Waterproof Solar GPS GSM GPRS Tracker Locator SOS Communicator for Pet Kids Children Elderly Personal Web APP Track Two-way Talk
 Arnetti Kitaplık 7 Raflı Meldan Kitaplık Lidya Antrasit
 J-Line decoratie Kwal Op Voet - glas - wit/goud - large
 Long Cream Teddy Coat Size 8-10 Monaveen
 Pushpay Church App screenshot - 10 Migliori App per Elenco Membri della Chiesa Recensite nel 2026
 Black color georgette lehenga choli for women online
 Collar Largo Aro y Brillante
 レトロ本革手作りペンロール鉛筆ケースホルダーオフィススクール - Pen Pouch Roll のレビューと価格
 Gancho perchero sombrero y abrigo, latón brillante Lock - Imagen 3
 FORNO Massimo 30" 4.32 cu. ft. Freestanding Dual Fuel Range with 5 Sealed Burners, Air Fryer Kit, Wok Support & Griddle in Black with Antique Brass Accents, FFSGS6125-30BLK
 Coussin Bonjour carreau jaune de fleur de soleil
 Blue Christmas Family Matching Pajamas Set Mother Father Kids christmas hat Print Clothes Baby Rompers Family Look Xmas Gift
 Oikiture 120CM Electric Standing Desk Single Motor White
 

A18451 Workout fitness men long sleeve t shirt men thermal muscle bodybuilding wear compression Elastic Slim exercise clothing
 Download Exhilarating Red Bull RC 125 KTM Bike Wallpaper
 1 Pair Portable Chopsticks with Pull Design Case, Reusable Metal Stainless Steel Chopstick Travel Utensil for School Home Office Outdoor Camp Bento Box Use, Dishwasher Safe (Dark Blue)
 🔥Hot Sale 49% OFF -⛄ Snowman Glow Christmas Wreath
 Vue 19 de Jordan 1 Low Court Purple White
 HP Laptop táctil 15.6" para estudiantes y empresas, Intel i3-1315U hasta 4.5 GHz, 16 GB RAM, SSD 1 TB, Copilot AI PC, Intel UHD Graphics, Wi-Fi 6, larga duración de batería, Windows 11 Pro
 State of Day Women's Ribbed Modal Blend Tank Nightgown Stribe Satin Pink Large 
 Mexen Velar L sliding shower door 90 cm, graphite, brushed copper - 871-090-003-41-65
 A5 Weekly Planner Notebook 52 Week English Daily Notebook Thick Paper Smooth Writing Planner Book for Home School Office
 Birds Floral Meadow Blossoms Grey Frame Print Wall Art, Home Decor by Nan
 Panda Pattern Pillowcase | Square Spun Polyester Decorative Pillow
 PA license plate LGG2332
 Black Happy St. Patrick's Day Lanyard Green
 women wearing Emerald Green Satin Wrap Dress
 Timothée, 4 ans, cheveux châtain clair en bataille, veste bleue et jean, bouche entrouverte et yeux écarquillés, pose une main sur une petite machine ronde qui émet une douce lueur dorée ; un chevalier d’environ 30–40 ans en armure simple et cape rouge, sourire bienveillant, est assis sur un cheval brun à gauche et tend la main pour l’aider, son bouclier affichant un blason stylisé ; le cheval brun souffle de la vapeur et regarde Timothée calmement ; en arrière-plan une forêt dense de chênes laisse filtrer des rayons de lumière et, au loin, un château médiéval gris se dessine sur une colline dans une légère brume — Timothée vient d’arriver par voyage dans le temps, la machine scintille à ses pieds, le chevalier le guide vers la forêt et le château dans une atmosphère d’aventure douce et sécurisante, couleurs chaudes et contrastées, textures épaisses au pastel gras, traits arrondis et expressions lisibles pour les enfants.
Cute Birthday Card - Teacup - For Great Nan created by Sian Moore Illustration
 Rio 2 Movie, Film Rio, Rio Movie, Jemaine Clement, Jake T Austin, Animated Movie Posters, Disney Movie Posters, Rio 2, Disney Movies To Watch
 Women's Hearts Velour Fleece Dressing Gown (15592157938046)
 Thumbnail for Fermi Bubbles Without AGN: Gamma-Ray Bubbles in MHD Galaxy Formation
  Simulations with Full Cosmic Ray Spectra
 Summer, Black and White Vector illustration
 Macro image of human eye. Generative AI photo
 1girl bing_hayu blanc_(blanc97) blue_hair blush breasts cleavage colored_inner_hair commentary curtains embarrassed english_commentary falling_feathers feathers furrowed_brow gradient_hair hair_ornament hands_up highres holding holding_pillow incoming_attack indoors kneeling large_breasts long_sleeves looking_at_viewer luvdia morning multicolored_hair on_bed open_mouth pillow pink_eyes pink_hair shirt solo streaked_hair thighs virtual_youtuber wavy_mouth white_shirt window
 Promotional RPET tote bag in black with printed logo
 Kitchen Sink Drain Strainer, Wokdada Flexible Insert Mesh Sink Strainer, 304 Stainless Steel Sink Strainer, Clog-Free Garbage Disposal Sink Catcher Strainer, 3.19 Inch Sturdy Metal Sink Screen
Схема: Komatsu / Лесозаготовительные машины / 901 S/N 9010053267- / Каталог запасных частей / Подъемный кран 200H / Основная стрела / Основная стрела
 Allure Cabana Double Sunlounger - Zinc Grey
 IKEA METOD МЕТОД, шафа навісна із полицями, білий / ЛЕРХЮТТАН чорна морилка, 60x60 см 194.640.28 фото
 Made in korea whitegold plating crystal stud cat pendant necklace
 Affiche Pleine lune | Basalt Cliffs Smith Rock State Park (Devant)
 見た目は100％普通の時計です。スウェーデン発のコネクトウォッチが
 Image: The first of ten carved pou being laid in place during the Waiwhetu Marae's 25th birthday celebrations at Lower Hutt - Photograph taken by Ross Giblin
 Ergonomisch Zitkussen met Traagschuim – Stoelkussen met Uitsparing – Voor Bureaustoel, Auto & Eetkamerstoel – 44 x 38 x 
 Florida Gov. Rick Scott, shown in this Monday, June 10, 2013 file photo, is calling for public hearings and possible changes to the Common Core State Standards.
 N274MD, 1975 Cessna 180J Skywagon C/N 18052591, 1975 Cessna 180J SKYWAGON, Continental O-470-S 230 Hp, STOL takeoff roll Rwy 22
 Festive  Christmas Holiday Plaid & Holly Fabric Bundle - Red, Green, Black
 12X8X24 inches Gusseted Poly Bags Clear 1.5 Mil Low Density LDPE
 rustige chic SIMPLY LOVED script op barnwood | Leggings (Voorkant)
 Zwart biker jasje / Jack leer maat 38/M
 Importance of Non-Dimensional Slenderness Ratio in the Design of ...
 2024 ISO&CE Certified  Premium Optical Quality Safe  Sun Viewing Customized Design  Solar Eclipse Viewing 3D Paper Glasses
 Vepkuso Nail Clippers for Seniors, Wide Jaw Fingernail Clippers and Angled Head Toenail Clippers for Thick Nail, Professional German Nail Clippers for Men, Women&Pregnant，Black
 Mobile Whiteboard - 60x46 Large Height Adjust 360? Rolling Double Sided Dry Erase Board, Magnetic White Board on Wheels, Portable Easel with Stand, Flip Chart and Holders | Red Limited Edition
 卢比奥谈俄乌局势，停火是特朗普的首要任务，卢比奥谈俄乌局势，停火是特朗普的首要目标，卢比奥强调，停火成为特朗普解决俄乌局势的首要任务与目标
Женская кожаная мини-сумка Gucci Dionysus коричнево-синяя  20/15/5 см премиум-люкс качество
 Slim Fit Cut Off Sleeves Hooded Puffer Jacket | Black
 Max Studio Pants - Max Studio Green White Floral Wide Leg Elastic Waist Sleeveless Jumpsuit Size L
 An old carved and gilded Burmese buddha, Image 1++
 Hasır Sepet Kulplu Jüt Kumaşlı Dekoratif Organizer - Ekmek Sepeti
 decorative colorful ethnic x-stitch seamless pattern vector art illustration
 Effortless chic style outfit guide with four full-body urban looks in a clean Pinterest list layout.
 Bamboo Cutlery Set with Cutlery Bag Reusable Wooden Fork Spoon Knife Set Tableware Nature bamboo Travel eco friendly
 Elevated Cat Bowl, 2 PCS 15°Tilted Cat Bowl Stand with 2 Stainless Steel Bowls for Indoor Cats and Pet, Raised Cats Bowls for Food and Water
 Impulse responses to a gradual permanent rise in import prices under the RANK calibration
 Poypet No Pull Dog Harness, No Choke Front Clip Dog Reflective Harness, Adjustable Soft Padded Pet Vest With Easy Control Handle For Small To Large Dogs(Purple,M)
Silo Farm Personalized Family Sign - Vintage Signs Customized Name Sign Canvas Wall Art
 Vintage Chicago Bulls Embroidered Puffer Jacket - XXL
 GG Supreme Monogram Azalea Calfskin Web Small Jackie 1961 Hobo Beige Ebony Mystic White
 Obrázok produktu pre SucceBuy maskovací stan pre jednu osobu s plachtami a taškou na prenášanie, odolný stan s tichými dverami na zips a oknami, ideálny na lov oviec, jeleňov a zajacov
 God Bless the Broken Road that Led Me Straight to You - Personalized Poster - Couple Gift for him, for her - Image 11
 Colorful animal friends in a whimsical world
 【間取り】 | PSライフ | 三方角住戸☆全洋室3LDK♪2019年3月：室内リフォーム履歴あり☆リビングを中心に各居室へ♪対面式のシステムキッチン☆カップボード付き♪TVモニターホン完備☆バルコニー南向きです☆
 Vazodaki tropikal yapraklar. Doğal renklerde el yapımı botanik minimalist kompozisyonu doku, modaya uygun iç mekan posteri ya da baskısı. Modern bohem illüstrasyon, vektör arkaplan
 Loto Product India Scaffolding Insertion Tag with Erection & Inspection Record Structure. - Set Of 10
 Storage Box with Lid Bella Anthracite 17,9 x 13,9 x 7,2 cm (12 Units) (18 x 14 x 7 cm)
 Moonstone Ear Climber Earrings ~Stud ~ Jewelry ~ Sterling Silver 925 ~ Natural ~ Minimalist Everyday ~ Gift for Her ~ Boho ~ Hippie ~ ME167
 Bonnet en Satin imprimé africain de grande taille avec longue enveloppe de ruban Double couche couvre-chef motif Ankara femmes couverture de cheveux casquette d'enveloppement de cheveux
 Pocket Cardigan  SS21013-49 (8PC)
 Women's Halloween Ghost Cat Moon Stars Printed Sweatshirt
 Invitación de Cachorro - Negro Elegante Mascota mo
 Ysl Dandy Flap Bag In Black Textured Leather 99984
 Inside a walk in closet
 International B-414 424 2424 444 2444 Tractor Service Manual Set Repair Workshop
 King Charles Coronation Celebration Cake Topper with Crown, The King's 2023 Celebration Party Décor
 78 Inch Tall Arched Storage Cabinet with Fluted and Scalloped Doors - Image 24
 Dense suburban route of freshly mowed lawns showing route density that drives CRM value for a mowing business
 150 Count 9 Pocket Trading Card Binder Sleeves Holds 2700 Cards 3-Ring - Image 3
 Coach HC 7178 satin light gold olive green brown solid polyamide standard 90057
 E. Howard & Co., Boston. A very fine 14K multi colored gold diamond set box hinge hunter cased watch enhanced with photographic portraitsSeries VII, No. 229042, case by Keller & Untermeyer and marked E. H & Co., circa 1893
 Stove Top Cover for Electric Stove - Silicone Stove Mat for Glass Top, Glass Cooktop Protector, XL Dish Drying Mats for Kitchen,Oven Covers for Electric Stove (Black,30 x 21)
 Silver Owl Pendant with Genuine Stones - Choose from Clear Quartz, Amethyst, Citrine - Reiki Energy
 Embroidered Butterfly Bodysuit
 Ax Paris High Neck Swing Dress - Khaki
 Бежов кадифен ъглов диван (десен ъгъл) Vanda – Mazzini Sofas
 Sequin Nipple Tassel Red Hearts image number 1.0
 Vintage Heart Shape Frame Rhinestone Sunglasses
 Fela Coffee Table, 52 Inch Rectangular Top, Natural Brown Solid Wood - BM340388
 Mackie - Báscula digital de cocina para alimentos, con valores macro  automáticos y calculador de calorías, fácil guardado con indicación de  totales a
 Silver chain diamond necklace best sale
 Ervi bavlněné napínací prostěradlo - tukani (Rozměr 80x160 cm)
------------------------------------------------
* _WORK TO COMPLETE_
In the data above, find the line with "PA license plate LGG2332" and the line with "Macro image of". Retype both, plus every line between them, exactly.

* _OUTPUT FOR THIS EXERCISE_
 PA license plate LGG2332
 Black Happy St. Patrick's Day Lanyard Green
 women wearing Emerald Green Satin Wrap Dress
 Timothée, 4 ans, cheveux châtain clair en bataille, veste bleue et jean, bouche entrouverte et yeux écarquillés, pose une main sur une petite machine ronde qui émet une douce lueur dorée ; un chevalier d’environ 30–40 ans en armure simple et cape rouge, sourire bienveillant, est assis sur un cheval brun à gauche et tend la main pour l’aider, son bouclier affichant un blason stylisé ; le cheval brun souffle de la vapeur et regarde Timothée calmement ; en arrière-plan une forêt dense de chênes laisse filtrer des rayons de lumière et, au loin, un château médiéval gris se dessine sur une colline dans une légère brume — Timothée vient d’arriver par voyage dans le temps, la machine scintille à ses pieds, le chevalier le guide vers la forêt et le château dans une atmosphère d’aventure douce et sécurisante, couleurs chaudes et contrastées, textures épaisses au pastel gras, traits arrondis et expressions lisibles pour les enfants.
Cute Birthday Card - Teacup - For Great Nan created by Sian Moore Illustration
 Rio 2 Movie, Film Rio, Rio Movie, Jemaine Clement, Jake T Austin, Animated Movie Posters, Disney Movie Posters, Rio 2, Disney Movies To Watch
 Women's Hearts Velour Fleece Dressing Gown (15592157938046)
 Thumbnail for Fermi Bubbles Without AGN: Gamma-Ray Bubbles in MHD Galaxy Formation
  Simulations with Full Cosmic Ray Spectra
 Summer, Black and White Vector illustration
 Macro image of human eye. Generative AI photo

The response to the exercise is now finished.